Но она улыбалась, и была прекрасна.
— Нам нужно убираться с этого корабля, — сказал ей Септим.
Октавия долго не могла рассмеяться. В её смехе было больше удивления, нежели веселья.
— Нам… что?
Он не хотел произносить этого вслух. Он едва осознал, что думал об этом.
— У меня болят руки, — произнес он. — Они болят каждую ночь. Все что я слышу, это стрельба, крики и приказы, которые отдают мне нечеловеческие голоса.
Она оперлась о подлокотник трона.
— Ты ведь жил с этим до того, как я присоединилась к экипажу.
— Теперь у меня есть ради чего жить, — он встретился с ней взглядом. — И мне есть что терять.
— Как удивительно! — казалось, слова Септима не слишком впечатлили ее, но её глаза вспыхнули. — Даже с твоим ужасающим акцентом, это прозвучало почти что романтично. Твой хозяин снова огрел тебя по голове, поэтому ты так странно говоришь?
Септим не отвернулся, как обычно.
— Выслушай меня. Талос движим чем-то, чего я не могу понять. Он задумывает…что-то. Какое-то грандиозное действо. Пытается что-то доказать.
— Как его отец, — подметила Октавия.
— Именно. И посмотри, что случилось с примархом. Его история закончилась смертью, он принес себя в жертву.
Октавия поднялась на ноги, отбросив в сторону покрывало. Её положение ничем себя не выдавало, а у Септима практически не было опыта в подобных вопросах, чтобы знать, должен ли её живот уже начинать округляться или нет. В любом случае, держалась она непринужденно. Он ощутил мимолетный прилив виноватой благодарности за то, что временами она была сильной за них обоих.
— Ты считаешь, что он ведет нас в последний бой? — спросила Октавия. — Это кажется маловероятным.
— Не намеренно. Но он не хочет командовать этими воинами и не хочет возвращаться в Око Ужаса.

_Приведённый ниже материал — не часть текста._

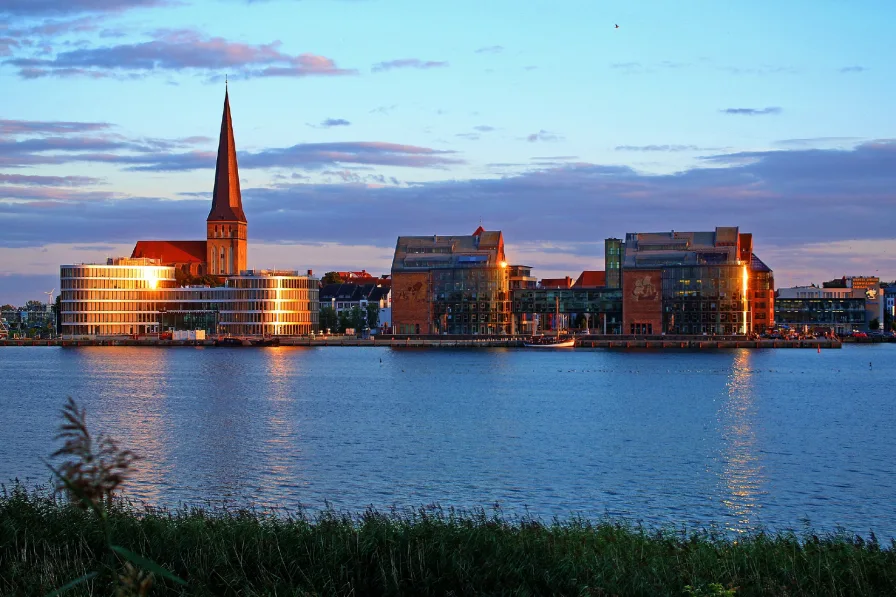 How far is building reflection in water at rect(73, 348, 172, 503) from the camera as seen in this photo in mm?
39188

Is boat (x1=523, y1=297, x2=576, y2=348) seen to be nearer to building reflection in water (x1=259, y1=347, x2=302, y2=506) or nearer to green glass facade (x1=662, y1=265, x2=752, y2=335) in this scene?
green glass facade (x1=662, y1=265, x2=752, y2=335)

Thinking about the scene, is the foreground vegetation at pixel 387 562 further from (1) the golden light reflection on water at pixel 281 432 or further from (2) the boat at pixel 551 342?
(2) the boat at pixel 551 342

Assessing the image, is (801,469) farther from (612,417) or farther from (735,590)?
(735,590)

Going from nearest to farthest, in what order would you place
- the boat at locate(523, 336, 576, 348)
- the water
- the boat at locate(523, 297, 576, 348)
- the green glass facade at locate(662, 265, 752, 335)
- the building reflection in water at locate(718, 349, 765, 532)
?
the building reflection in water at locate(718, 349, 765, 532), the water, the boat at locate(523, 336, 576, 348), the boat at locate(523, 297, 576, 348), the green glass facade at locate(662, 265, 752, 335)

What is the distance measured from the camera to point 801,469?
43.5m

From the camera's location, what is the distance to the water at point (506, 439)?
35375mm

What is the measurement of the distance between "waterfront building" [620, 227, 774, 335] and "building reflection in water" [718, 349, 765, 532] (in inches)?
4003

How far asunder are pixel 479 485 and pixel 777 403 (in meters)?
47.3

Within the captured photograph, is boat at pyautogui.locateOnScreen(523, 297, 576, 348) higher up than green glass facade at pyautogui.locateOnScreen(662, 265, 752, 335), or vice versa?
green glass facade at pyautogui.locateOnScreen(662, 265, 752, 335)

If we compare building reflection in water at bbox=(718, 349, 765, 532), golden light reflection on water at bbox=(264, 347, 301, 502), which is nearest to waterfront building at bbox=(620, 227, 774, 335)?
golden light reflection on water at bbox=(264, 347, 301, 502)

— Это всего лишь твои догадки.
— Возможно и так. В любом случае, это не имеет значения. Скажи мне, ты хочешь, чтобы наш ребенок родился на этом корабле, чтобы ему была уготована такая же жизнь? Ты хочешь, чтобы его забрали в Легион и превратили в одного из них, или чтобы он рос во тьме этих палуб, лишенный солнечного света на всю жизнь? Нет, Октавия, нам нужно убираться с «Эха проклятия».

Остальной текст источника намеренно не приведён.